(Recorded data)
*** Begin section ***
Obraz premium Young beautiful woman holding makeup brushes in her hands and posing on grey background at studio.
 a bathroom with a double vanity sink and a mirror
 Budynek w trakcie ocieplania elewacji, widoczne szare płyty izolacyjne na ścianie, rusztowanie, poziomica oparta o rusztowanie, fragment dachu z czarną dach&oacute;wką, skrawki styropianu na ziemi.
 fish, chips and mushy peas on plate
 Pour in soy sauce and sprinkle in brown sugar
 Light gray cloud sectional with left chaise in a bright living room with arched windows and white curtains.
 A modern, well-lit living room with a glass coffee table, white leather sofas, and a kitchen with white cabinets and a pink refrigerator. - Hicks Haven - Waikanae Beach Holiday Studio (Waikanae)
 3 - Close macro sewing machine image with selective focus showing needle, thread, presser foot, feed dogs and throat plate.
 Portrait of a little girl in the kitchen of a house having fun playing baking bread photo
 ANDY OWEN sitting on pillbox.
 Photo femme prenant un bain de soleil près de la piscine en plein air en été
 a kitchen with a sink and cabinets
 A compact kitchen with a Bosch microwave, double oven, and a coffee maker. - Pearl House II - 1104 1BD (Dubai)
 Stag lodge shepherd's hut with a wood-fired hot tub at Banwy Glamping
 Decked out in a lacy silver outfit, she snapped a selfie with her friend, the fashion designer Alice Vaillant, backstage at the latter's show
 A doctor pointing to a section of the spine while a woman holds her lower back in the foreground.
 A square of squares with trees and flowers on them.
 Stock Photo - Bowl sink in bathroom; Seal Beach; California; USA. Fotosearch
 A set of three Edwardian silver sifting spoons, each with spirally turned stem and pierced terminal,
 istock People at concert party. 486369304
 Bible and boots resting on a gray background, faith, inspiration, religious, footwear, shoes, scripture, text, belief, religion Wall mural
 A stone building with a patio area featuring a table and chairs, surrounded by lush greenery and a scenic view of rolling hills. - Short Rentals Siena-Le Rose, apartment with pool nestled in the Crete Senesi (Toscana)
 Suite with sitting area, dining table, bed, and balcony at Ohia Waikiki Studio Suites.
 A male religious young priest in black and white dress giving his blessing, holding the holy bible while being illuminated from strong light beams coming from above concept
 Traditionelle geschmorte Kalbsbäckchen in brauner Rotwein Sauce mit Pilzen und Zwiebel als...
*** End section ***
> **ACTIVITY**:
Look above for the line with "Portrait of a" and the line with "Stag lodge shepherd's". Retype those two lines and every line between them exactly, adding nothing.

> **REPLY**:
 Portrait of a little girl in the kitchen of a house having fun playing baking bread photo
 ANDY OWEN sitting on pillbox.
 Photo femme prenant un bain de soleil près de la piscine en plein air en été
 a kitchen with a sink and cabinets
 A compact kitchen with a Bosch microwave, double oven, and a coffee maker. - Pearl House II - 1104 1BD (Dubai)
 Stag lodge shepherd's hut with a wood-fired hot tub at Banwy Glamping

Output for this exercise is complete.